Open ghvader opened 5 years ago

ghvader commented 5 years ago

Describe the problem you have/What new integration you would like

Support for ESP32 light sleep mode

Please describe your use case for this integration and alternatives you've tried:

ESPhome only supports deep sleep mode. i'm building battery powered sensors that are awoke by the use of PIR, waking from deep sleep activate the reset function and the whole board reboots upon motion detection. support for light sleep or alternative sleep modes that permit this behavior is requested. (the board should wake up, fast connect to wifi send the "motion detected" signal and not have to reboot in order to do so.)

Additional context

https://lastminuteengineers.com/esp32-sleep-modes-power-consumption/ https://docs.espressif.com/projects/esp-idf/en/latest/api-reference/system/sleep_modes.html

OttoWinter commented 5 years ago

The highest contributor to power usage is by far the WiFi interface, AFAIK light sleep current is dwarfed by wifi. Have you looked into the wifi power save mode?

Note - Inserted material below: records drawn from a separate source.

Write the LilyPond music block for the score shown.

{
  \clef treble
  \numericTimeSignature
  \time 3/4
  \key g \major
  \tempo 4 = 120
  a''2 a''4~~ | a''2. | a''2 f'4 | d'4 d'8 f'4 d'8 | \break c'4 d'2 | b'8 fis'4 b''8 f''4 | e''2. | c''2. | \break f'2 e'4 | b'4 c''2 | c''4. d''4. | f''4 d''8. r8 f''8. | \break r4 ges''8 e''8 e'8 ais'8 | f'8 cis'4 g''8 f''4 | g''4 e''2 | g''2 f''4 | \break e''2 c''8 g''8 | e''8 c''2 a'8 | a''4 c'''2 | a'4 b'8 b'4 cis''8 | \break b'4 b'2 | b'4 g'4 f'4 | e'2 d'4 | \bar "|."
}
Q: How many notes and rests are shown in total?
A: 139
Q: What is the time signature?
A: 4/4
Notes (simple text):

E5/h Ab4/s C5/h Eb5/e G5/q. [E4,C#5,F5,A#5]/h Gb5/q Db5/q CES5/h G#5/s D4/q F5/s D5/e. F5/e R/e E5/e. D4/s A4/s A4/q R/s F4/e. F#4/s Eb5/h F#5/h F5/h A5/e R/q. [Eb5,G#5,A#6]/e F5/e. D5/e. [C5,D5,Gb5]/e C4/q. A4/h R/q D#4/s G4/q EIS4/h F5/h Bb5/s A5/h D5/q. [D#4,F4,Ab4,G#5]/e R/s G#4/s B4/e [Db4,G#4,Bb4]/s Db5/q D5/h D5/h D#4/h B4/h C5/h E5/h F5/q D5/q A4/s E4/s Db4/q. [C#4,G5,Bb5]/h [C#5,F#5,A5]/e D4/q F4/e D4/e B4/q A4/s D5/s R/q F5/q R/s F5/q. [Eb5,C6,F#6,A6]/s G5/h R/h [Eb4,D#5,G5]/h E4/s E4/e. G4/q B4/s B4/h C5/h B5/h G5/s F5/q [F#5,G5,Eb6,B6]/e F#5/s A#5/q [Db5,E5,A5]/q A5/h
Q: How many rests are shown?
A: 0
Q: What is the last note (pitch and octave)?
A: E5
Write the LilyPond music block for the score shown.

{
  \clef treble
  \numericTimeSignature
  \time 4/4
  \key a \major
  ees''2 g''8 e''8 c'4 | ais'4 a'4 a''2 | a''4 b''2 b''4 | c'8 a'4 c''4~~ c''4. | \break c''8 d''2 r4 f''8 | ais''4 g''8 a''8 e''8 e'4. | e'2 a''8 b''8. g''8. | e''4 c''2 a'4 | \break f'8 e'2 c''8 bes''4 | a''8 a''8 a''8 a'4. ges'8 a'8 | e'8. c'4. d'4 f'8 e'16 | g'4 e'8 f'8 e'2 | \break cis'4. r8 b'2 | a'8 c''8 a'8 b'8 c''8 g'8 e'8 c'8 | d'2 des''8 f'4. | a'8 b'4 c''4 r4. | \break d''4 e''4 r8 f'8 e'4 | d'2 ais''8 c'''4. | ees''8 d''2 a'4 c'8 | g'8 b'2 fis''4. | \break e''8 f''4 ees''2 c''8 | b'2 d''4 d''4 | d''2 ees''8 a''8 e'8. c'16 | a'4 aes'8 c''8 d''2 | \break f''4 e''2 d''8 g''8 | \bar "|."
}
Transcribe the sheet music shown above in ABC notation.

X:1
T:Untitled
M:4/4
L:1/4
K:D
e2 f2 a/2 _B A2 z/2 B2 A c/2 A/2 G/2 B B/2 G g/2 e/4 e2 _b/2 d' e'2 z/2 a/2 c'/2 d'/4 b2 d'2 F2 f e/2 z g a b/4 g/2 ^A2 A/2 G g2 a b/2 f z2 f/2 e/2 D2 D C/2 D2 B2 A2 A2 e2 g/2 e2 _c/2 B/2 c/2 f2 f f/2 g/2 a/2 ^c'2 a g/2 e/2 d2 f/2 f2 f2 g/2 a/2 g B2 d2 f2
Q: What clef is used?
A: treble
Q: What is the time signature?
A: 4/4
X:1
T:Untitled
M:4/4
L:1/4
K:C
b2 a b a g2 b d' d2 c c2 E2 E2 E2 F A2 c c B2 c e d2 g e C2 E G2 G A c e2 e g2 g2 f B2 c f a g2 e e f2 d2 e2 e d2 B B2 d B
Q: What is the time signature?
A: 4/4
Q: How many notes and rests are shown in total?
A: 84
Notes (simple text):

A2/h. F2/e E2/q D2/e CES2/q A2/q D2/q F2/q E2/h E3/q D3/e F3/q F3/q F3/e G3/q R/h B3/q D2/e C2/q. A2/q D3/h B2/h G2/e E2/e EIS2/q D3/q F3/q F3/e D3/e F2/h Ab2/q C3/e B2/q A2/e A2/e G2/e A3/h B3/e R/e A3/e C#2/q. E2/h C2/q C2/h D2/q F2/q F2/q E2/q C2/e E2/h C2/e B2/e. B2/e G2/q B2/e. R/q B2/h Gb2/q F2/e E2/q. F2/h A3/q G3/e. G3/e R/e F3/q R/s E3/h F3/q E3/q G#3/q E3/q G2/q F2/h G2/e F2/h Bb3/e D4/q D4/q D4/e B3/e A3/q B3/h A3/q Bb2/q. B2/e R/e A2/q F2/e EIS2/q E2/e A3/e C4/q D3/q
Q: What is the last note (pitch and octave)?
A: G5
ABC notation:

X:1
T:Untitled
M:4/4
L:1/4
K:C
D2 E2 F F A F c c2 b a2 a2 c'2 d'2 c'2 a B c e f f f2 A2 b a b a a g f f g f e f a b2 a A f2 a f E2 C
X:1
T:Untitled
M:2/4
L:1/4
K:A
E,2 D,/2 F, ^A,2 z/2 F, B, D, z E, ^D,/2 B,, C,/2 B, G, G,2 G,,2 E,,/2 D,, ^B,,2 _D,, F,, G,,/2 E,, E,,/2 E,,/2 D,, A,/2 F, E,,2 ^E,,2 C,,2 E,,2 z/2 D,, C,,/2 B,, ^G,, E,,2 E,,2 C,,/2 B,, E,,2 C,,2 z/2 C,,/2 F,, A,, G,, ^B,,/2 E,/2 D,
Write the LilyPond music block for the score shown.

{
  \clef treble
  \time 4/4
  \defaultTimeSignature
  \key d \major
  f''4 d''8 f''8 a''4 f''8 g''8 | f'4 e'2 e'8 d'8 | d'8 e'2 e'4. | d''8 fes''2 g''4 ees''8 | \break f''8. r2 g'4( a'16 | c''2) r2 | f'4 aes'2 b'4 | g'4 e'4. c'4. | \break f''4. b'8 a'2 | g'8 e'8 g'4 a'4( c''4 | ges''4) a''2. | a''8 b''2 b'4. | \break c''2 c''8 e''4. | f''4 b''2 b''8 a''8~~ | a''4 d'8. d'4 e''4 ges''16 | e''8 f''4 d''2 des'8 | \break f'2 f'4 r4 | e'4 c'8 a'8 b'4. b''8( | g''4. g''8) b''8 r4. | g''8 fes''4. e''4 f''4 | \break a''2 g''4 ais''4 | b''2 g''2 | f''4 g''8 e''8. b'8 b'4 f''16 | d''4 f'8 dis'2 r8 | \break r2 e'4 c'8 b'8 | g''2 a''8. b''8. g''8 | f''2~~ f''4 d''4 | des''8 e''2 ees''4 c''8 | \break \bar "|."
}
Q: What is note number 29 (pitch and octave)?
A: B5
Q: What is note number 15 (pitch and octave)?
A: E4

As light sleep would also require many core changes, I don't think this will be supported. However, esp-idf might support an automatic version of it at some point - so that might be an option once it ships. https://github.com/espressif/arduino-esp32/pull/1165#issuecomment-376717287

ghvader commented 5 years ago

@OttoWinter forgive me as i'm not a C programmer, so i may be misunderstanding, but if esp_deep_sleep_start() calls the deep sleep function and esp_light_sleep_start() enables light sleep, would that not be trivial to implement? "esp_light_sleep_start() function can be used to enter light sleep once wake-up sources are configured."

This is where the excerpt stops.